== WORK TASK ==
Locate, in the data below, the line that contains "Rice with cilantro and onions." and the line that contains "Carmelo Anthony zakonuje"; reproduce exactly those two lines and every line between them, nothing more.

== DATASET EXCERPTS ==
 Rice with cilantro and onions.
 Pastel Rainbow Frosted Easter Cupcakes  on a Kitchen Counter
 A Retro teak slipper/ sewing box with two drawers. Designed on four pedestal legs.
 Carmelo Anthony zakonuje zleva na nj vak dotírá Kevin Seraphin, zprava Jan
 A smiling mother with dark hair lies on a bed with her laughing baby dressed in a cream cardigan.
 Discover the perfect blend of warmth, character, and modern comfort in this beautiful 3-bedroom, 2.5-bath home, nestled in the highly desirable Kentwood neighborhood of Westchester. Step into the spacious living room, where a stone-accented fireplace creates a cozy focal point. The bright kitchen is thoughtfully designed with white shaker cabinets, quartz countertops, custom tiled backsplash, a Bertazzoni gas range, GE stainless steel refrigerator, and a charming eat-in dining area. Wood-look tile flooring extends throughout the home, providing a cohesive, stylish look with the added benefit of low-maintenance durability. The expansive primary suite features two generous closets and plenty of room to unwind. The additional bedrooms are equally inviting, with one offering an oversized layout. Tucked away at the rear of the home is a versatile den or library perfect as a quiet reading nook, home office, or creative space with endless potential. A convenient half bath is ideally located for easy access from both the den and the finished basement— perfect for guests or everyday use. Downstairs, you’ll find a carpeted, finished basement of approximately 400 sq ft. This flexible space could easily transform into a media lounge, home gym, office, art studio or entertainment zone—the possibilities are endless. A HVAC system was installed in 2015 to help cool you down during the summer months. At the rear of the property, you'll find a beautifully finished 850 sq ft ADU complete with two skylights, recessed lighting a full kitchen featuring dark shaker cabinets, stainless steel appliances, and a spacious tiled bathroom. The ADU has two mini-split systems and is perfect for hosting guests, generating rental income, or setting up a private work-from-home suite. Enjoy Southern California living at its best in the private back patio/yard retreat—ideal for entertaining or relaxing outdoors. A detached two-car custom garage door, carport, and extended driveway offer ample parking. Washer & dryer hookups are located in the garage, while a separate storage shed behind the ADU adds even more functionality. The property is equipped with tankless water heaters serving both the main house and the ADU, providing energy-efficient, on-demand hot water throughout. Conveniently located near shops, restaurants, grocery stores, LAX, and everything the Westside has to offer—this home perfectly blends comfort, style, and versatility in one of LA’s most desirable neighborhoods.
==
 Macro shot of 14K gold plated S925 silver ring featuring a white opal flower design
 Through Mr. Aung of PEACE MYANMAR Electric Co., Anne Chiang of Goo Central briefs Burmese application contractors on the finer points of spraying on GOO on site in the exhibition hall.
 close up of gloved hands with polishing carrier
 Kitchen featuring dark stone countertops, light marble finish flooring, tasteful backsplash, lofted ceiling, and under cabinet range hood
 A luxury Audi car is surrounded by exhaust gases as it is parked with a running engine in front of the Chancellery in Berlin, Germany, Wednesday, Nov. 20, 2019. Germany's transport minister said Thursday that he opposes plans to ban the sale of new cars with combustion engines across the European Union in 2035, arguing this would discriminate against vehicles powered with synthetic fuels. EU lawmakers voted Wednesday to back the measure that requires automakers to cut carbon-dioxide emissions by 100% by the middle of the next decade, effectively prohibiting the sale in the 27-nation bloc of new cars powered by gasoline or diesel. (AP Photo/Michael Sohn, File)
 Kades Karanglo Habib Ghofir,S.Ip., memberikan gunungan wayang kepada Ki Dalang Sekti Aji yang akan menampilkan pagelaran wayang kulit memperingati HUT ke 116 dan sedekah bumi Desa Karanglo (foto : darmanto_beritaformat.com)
---
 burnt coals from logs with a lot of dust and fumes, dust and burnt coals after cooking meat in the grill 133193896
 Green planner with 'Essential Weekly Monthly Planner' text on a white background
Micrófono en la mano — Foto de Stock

== ANSWER FOR THE TASK ==
 Rice with cilantro and onions.
 Pastel Rainbow Frosted Easter Cupcakes  on a Kitchen Counter
 A Retro teak slipper/ sewing box with two drawers. Designed on four pedestal legs.
 Carmelo Anthony zakonuje zleva na nj vak dotírá Kevin Seraphin, zprava Jan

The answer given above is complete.